Since the movie tells a true story, no need for me to go into the detail here, as all roads lead to a culminating World Cup event… in Johannesburg and including the South African rugby team. It’s fabulous and uplifting, even a bit of a tearjerker. Eastwood is so good with little directorial touches, such as when a tough security guy for the De Klerk regime—now a welcome member of the Mandela security staff—slaps on his sunglasses to conceal moist eyes… or as the World Cup final proceeds, a little black street boy, who would formerly be chased away by white police, is seen sitting on the car of the police, everyone intently listening to the car radio.

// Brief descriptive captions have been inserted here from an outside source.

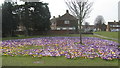 Massed crocus planting on the A2 Canterbury Road
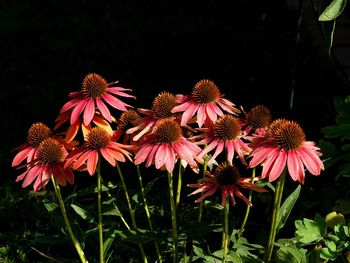 Close-up of pink flowers on field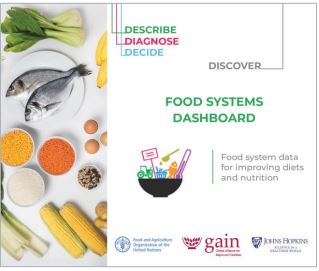 herramienta-food-system-dashboard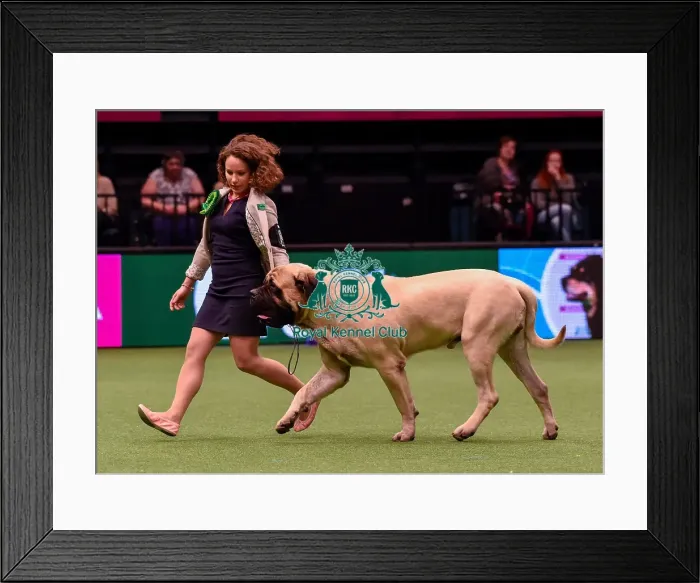 Framed Print : Crufts 2016 Best of Breed Framed Print : Crufts 2016 Best of Breed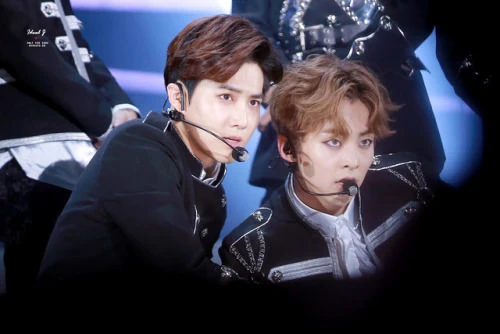 Exo-CBX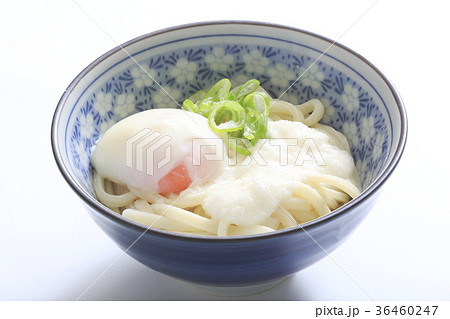 とろ玉うどん 讃岐 とろ玉うどん 讃岐 36460247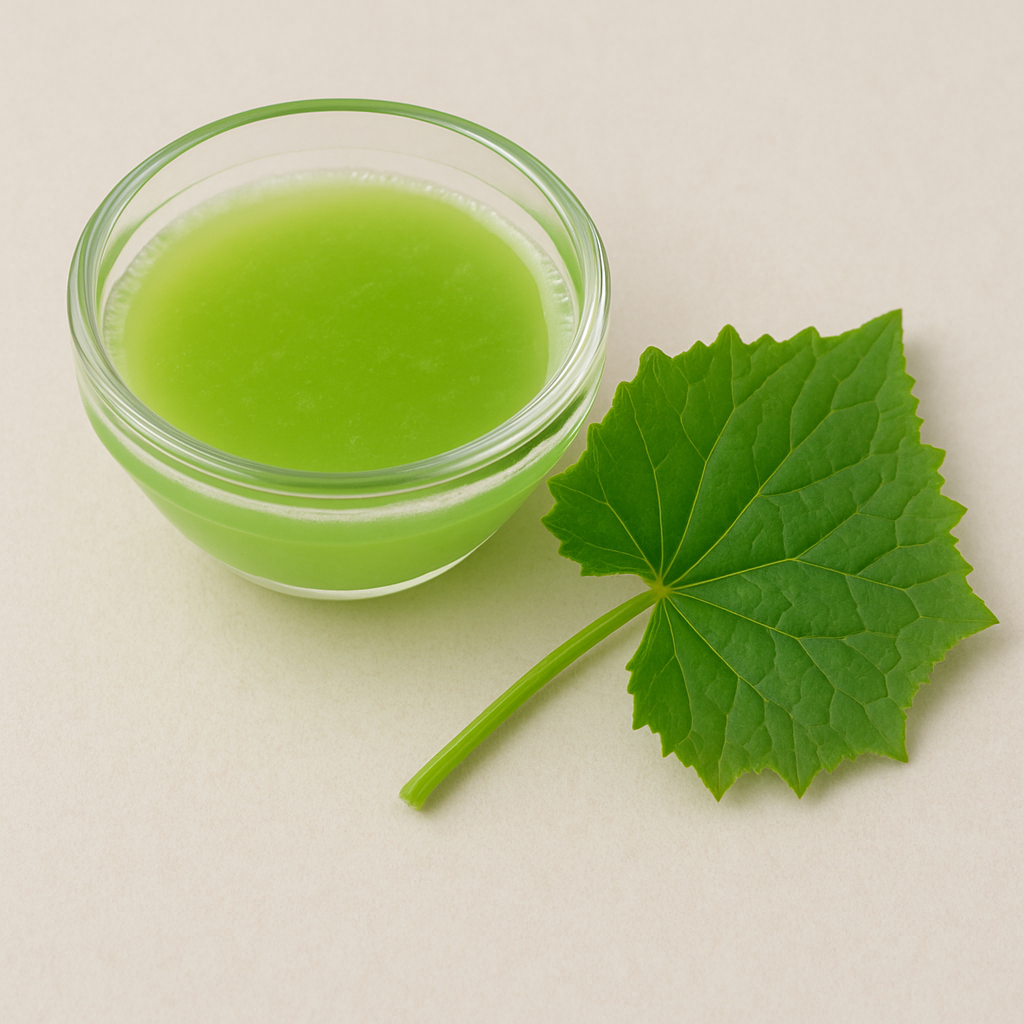 Cucumber Leaf Juice – Benefits, Side Effects & Uses
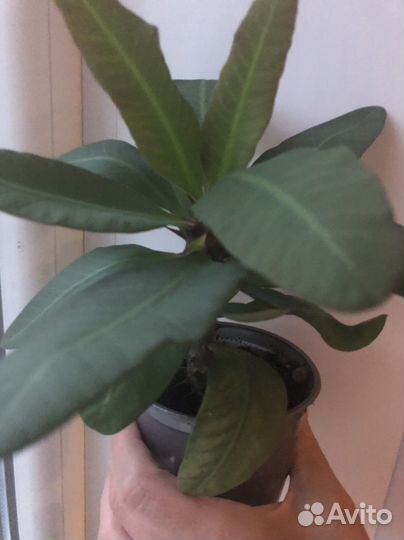 Молочай миля (розовый и белый)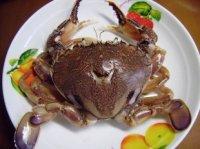 ΢��¯�Ϲ���з������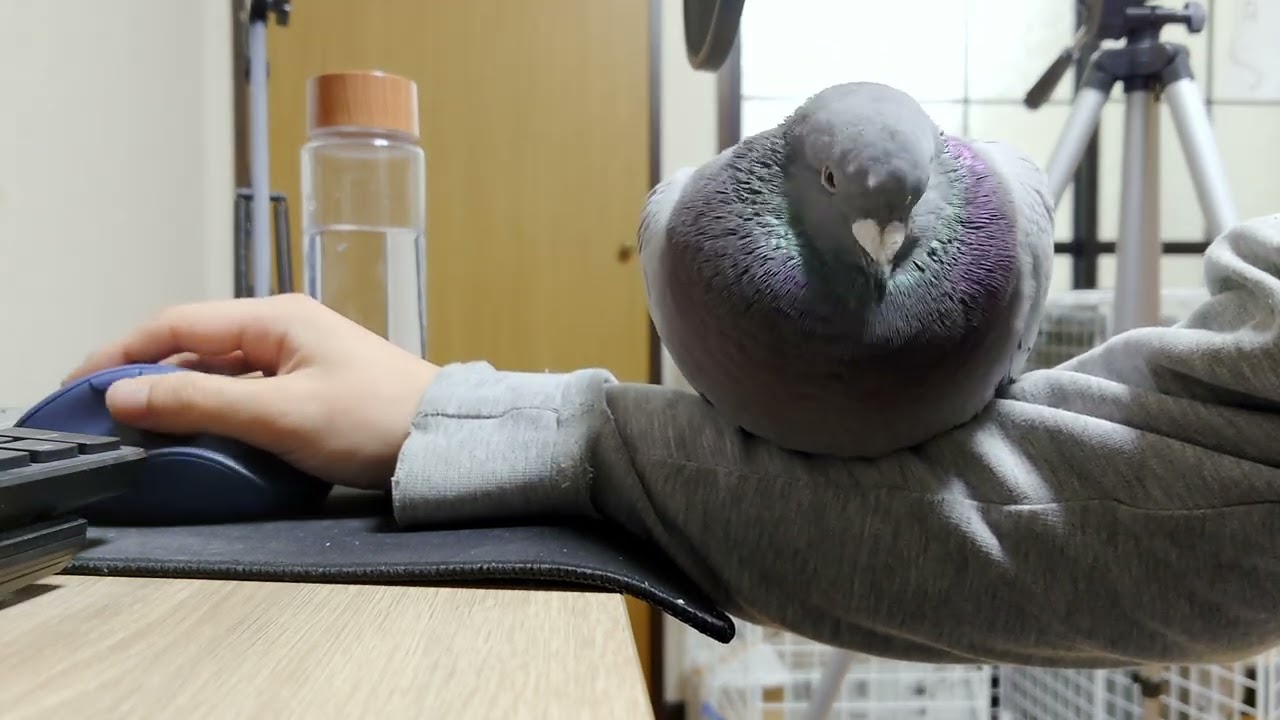 Голубь говорит: 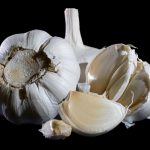 Zimnick_Garlic_01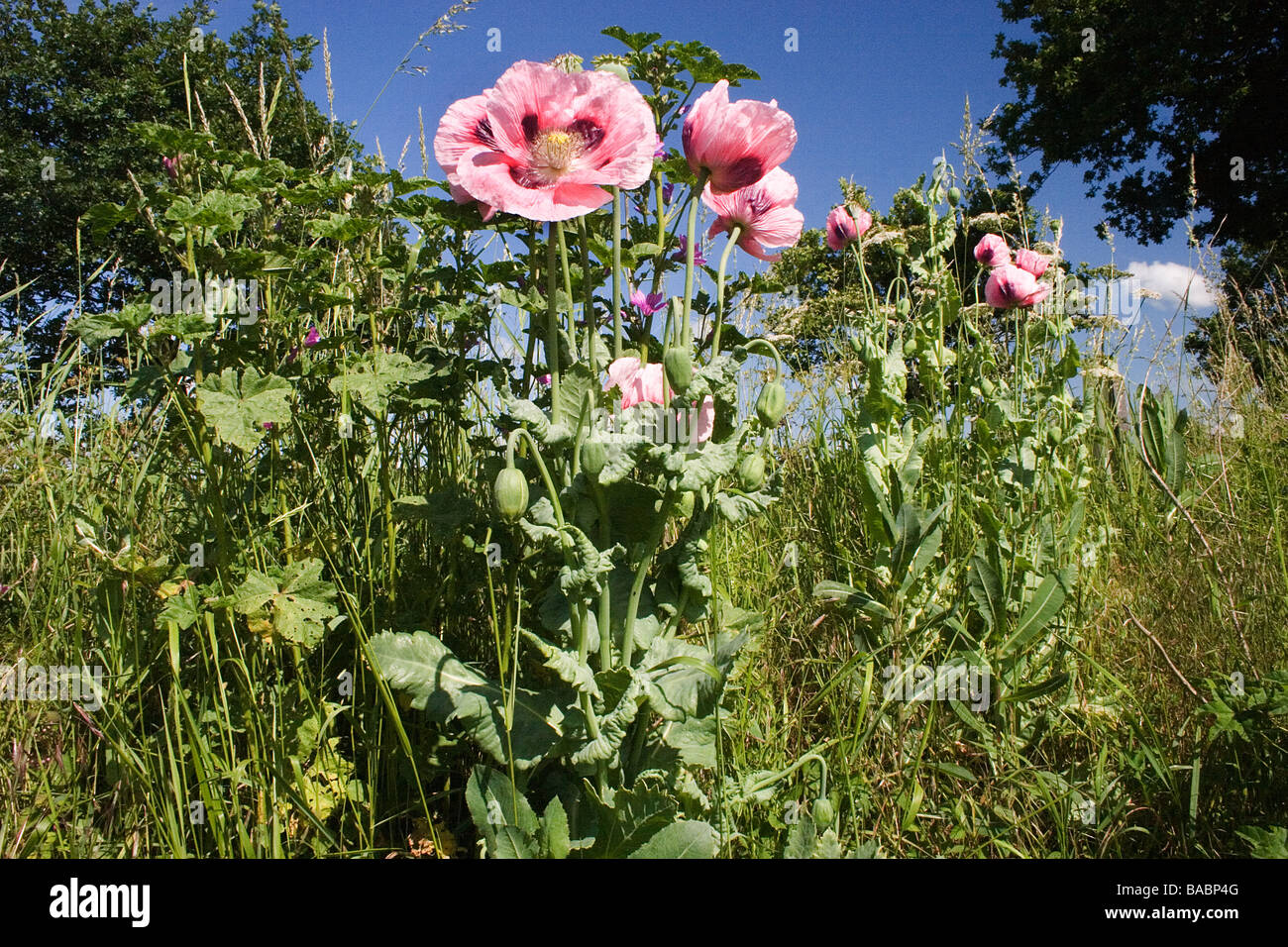 rosa blühender Mohn wächst auf Mais-Feld Streifen Essex Stockfoto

And musically, the film is one of the more interesting you’ll have the pleasure of hearing. As many realize, Clint Eastwood is quite an accomplished composer himself, having written and in some cases performed the scores for some of the movies he directs. I think with Invictus, he’s a kid in a candy store. The melodies and rhythms of the native South African music are so rich and fluid, they roll out naturally without blasting you into the balcony. Whoever did the score—no doubt Eastwood had a say—skillfully weaves sound with sight. It’s great… and I don’t generally pay much attention to movie scores.

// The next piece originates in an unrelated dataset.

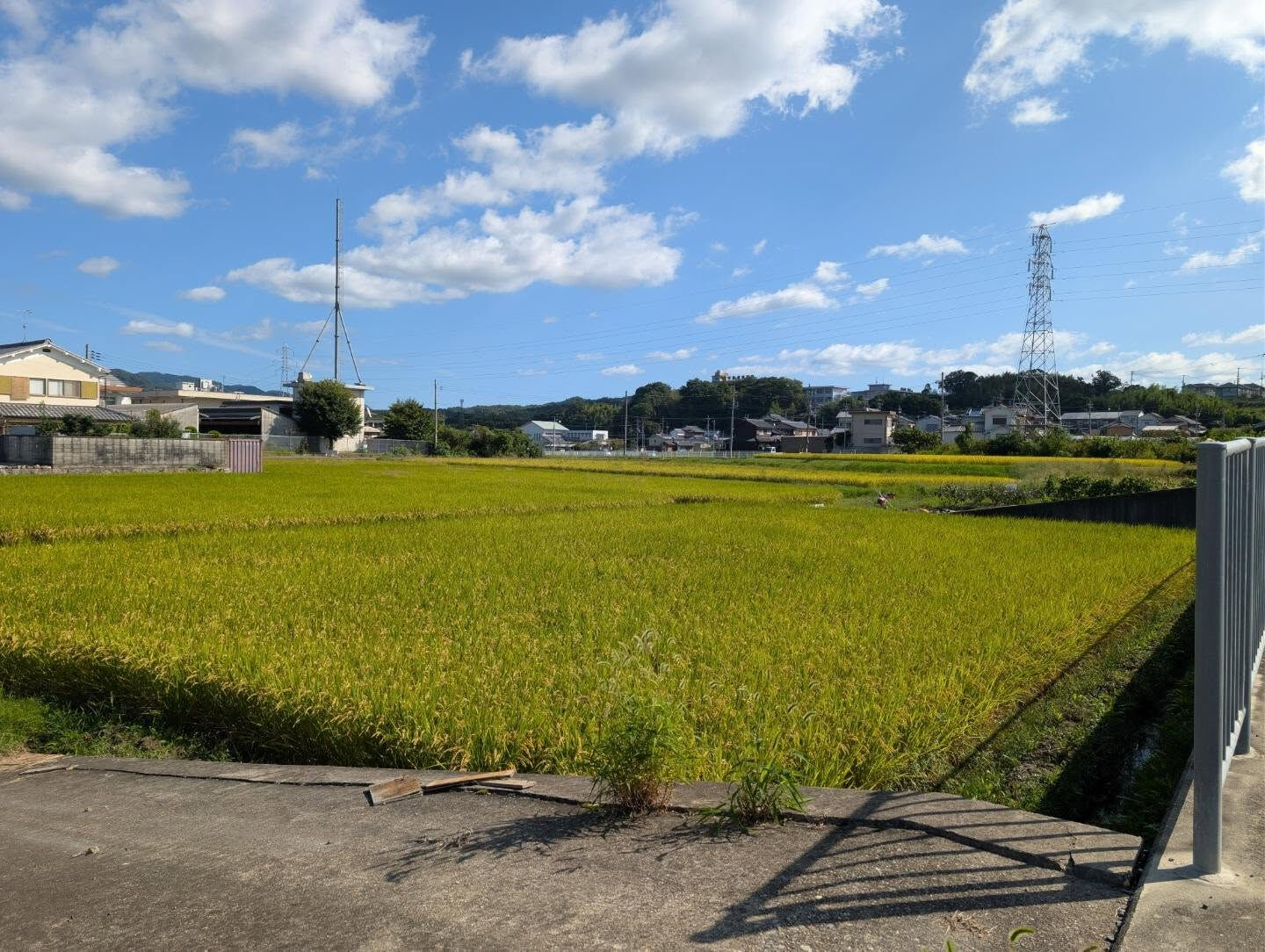 木津川市　実りの季節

You really can’t say too much about Mandela and Freeman’s portrayal of him. I’ve heard some critics say this is the role Morgan Freeman was born to play. And that may be true. But, frankly, it is not a BIG role, certainly nothing like Ben Kingsley’s Gandhi; what I find exhilarating is Freeman’s mastery of the cadence and depth of what Mandela says… and how he says it. What comes shining through, without the need for many words, is the character of a man who may have the greatness of a Gandhi. But the performances of Freeman and Damon are balanced and complementary; they sing a wonderful duet… the “beginnings of a beautiful friendship.” Thanks, Clint, for keeping their personae exactly right.

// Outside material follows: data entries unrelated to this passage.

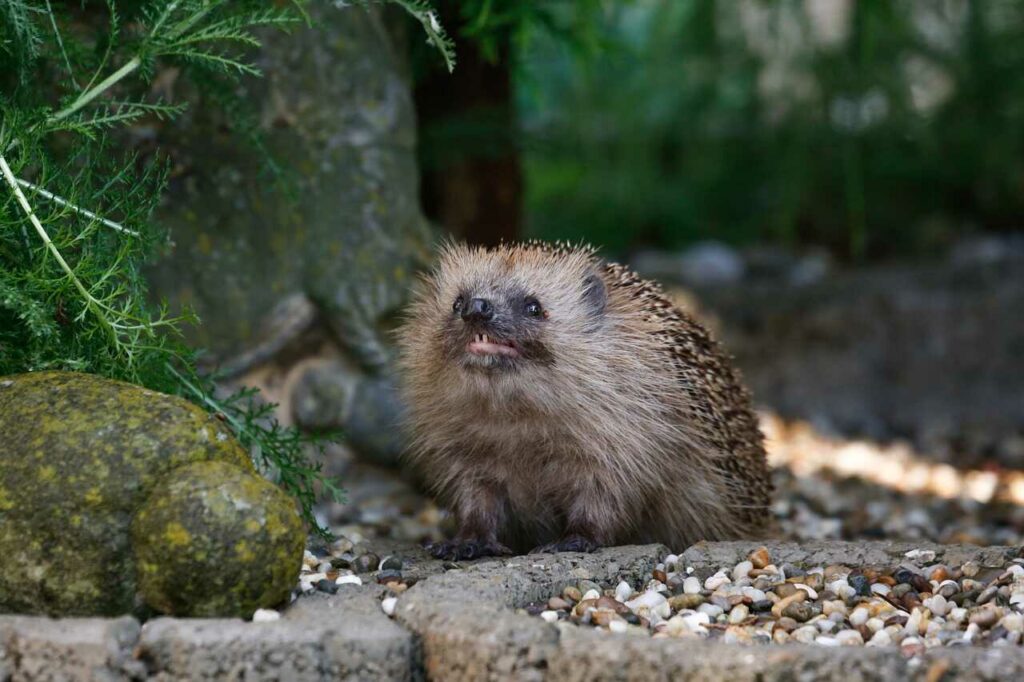 Hedgehog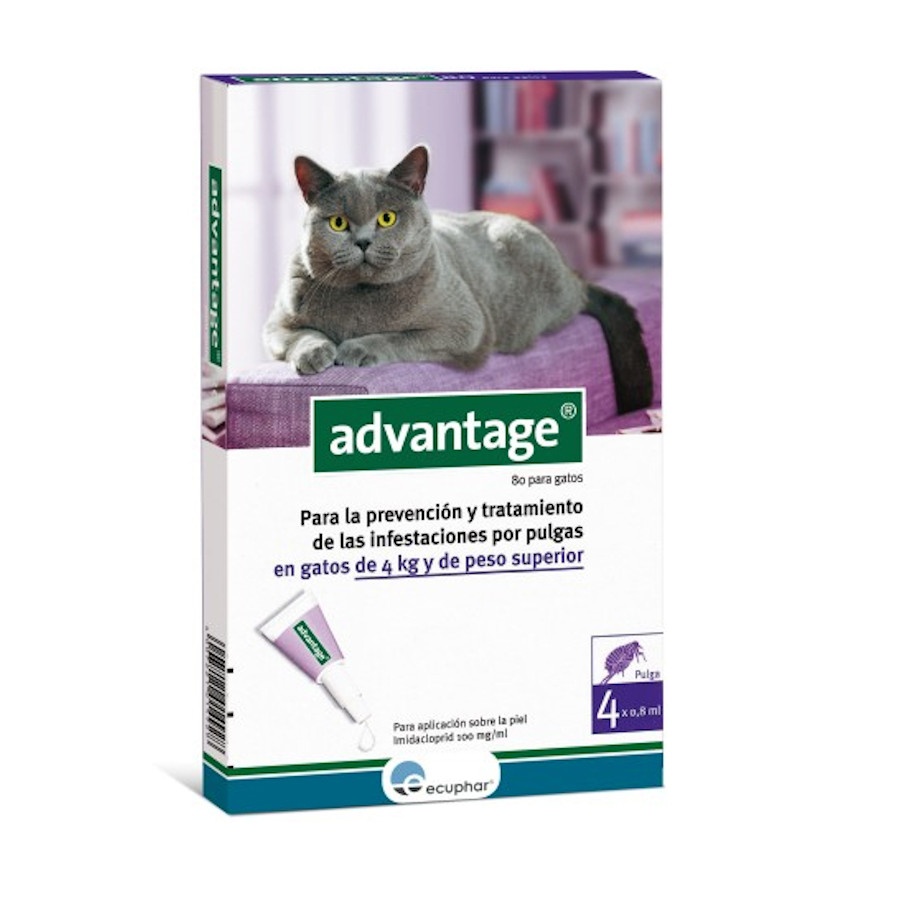 ADVANTAGE 80 GATO > 4 KG (FARMA)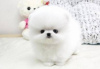 Photo №1. pomeranian - for sale in the city of Штутгарт | negotiated | Announcement № 127428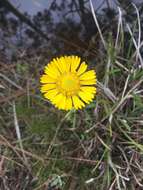 صورة Helenium vernale Walt.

Can’t wait for the DVD to come out!
Here’s the poem that nourishes Mandela during his captivity. Many of us know it by heart, but when you see the movie you feel it:
Invictus, by William Ernest Henley
Out of the night that covers me,
Black as the pit from pole to pole,
I thank whatever gods may be
For my unconquerable soul.
In the fell clutch of circumstance
I have not winced nor cried aloud.
Under the bludgeonings of chance
My head is bloody, but unbowed.
Beyond this place of wrath and tears
Looms but the Horror of the shade,
And yet the menace of the years
Finds and shall find me unafraid.
It matters not how strait the gate,
How charged with punishments the scroll,
I am the master of my fate:
I am the captain of my soul.
 From everything I’ve heard, the geographical area known as South Africa is beautiful and fertile. And like many such regions of earth, was inhabited by “others” before the Europeans came along. The movie, even as Eastwood-efficient as it is, manages to give the viewer a sense of the complexities and even the refinement of these indigenous peoples… from which Nelson Mandela, aka Mandiba, is descended.
 Much like—though not as savagely deadly—as the apartheid regime of Zionist Israel (ZI) vis a vis the indigenous non-Jewish people in the area formerly designated Palestine. (I wouldn’t mention the sins of ZI all the time, except for the fact that they’re so blatant and the MSM never does.) Ref. Jimmy Carter’s moderate book: Palestine: Peace not Apartheid.